Combined the Kard and external transaction datasets using a mapping file. The Kard columns were maintained for the combined data.
- What is the forecast for our current top 3 merchants in 2024Q1?
- In this case, our top 3 merchants till date will be identified and their respective transaction amount will be forecasted.
- Perfomed Analysis to determine the top 3 merchants, which were Suzuki, Ford, and Chevrolet
- Further prepared the dataset for forcast modeling with sktime. This included converting the dates to quarters and also imputting the sum of all transaction per merchant for each quater.
A grid search over 8 different top forcast models (AutoArima, prophet, STLforcaster, NaiveForcaster, Xgboost, Bats, AutoETS, ExponetialSmoothing) and various transformers (Deseasonalizers, detrenders, e.t.c) was performed to determine the best model/pipeline that captures the data. From the grid search the best model/pipeline was:
Overall, my forecast model selection was purely data driven.
The forecast plots were seperated for clarity as shown above. For 2024Q1, the forecast for the top 3 performing merchants are:
- Suzuki: 405252.3 cents ~ $4052.52
- Ford: 253802200 cents ~ $2,538,022
- Chevrolet: 122812900 cents ~ $1,228,129
From the plot:
Ford is anticipated to lead with an estimated $2,538,022. The forcast shows a stable trend, and despite the wide 98% prediction interval. The Q3 2023 validation is at the edge of the prediction interval, indicating some accuracy
Chevrolet follows with a forecast of $1,228,129. Similar to Ford, the prediction interval is broad, yet the forcast suggests that Chevrolet will continue to attract substantial transaction volumes into the next year. The actual value for 2023Q3 falling within this interval suggests that the model has some level of accuracy in its forecasts.
Suzuki shows a forecast of $4,052.52. The forecast displays a sharp peak, which then returns back to the mean, indicating a possible one-off event. The prediction interval is narrower, indicating a higher confidence in the forecast but on a smaller scale.
- Strengthen partnerships with top merchants.
- Increase Issuer Participation: Encourage more issuers to participate in the CLO program with these merchants, especially in demographics or regions that align with the forecasted growth.
- Who will be our top 3 merchants in 2024Q1?
- In this case, the transaction amount for all the merchants will be forecasted for 2024Q1, and the merchants with the top 3 forecasted transaction amount will be identified.
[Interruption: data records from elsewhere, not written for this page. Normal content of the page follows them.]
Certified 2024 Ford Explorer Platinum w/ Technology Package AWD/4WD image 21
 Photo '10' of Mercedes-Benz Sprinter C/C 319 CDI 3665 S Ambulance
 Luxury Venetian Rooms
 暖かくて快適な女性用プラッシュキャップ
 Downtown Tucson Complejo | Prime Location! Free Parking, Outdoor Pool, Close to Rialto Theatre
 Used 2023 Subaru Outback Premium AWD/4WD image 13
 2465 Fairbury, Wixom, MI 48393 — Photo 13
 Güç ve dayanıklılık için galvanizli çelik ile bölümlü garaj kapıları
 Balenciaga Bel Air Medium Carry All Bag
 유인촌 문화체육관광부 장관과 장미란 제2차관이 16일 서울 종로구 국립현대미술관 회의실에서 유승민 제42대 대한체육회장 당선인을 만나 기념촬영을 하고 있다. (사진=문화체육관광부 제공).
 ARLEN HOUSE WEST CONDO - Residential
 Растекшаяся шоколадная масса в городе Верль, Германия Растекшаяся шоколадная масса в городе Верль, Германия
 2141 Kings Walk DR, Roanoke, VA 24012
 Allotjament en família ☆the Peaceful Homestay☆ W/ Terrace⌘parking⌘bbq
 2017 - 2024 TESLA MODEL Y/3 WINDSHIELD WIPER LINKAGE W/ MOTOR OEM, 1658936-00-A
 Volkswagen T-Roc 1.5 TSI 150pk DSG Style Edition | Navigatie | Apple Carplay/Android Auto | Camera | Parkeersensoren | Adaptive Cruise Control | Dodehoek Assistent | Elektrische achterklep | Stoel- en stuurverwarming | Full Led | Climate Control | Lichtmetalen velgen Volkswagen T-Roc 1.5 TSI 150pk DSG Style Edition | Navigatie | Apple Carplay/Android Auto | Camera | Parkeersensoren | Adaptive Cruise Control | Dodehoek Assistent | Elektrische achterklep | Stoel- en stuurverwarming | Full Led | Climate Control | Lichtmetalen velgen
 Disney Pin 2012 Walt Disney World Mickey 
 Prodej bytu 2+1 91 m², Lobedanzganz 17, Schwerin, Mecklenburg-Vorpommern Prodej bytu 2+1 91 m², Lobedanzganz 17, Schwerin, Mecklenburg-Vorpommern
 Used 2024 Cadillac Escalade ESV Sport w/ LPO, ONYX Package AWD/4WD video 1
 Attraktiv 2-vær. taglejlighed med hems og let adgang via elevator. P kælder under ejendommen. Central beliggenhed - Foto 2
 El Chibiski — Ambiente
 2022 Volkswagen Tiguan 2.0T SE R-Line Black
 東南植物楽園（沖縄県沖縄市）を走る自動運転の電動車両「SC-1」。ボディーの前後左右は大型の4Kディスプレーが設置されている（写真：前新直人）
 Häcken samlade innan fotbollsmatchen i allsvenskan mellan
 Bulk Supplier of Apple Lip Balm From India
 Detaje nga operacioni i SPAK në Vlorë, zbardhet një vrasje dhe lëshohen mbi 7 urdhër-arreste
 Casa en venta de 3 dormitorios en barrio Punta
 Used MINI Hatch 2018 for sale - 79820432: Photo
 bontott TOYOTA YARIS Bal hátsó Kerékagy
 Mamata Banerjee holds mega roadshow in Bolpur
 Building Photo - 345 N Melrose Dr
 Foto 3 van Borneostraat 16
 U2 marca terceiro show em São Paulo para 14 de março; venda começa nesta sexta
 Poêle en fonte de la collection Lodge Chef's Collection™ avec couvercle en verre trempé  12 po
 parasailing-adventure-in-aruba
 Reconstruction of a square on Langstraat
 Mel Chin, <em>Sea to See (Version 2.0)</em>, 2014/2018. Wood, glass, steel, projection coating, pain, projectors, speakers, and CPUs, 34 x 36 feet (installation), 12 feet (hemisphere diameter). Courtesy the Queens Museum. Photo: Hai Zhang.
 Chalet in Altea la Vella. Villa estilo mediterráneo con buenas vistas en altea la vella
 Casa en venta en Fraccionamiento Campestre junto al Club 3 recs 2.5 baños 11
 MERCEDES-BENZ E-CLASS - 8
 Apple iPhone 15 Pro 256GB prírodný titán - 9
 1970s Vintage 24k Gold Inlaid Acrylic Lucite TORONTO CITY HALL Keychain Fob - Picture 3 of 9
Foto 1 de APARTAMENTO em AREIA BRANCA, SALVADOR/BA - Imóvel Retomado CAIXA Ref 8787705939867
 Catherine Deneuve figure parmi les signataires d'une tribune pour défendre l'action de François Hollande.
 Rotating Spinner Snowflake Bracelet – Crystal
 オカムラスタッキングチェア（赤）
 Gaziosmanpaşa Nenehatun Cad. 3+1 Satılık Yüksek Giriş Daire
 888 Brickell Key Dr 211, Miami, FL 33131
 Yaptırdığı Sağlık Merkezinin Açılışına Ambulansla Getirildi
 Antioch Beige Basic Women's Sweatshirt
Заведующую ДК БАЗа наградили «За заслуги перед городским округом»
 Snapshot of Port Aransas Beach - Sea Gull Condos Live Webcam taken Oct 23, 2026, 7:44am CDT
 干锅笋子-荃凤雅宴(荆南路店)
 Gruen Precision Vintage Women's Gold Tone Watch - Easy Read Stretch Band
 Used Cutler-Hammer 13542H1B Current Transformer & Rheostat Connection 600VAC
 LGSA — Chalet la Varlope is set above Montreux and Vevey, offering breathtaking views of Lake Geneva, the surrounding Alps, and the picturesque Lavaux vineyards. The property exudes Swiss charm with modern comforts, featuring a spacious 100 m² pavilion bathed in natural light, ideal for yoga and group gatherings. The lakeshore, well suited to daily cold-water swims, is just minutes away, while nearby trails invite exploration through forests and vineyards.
The same model/pipleine used above, was also used here.

(I didn't have enough time to include the prediction intervals and also provide a validation. I only just returned from my thanksgiving holiday and wanted to submit this ASAP)
From the plot:
Oldsmobile takes the lead for 2024Q1 with a projected 4007415000 cents ~ $40,074,150. There's fluctuation in transaction amount, hinting at potential seasonality or market-specific events.
- Specific recommendation:This warrants a deeper dive into Oldsmobile's transaction drivers to tailor our engagement and promotional efforts effectively.
Mercedes-Benz: Our analysis predicts a maintenance of current transaction levels, with no significant increase or decrease.
- Specific recommendation: This stability offers a reliable platform for consistent marketing strategies, and we should continue to monitor this trend closely.
Ford: The forecast indicates a stable trend. This continuity signals could suggest a robust consumer trust/ loyalty.
- Strengthen partnerships with top merchants.
- Increase Issuer Participation: Encourage more issuers to participate in the CLO program with these merchants, especially in demographics or regions that align with the forecasted growth.